We have heard all too often many companies in Kenya and Africa in general hire global consultants to help them turn around their fortunes from losses to instant profits. Most of them pay enormous amount of money expecting some profound advice only to be presented with a 30 or more page document recommending to them to fire or retire employees because it’s always the easier way to solve the challenge.
Organizations are increasingly under pressure by its shareholders to make profits. In so doing many companies have resorted to cost management through adoption of technology among other strategies.
In all this the concept of customer care is all but lost. Organizations are increasingly loosing the human touch or personal service that customers crave for due to automation of most if not all operations.
The more often customers are forced to interact with machines, the greater the yearning for human contact becomes.
People will continue to appreciate and reward warm helpful services by other human beings no matter how computerized the society becomes.

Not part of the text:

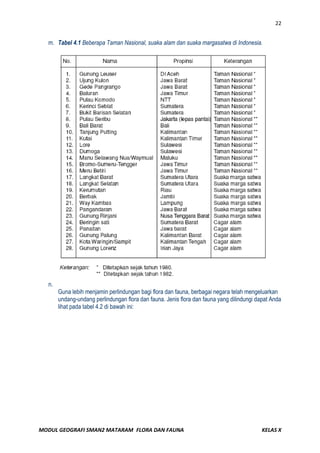 Modul geografi flora dan fauna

People will smile when you address them by name or give them extra information they did not expect.
They will tell their friends about fast service by friendly, helpful employees who knew what they were doing and enjoyed doing it (Research shows that 20% of most businesses is through referral and word of mouth recommendation is more effective than product advertising in influencing purchase decsions)
Customer service has a multiplier effect; it multiplies results achieved by advertising, marketing and sales.
Competitive edge will continue to go to companies with personal service.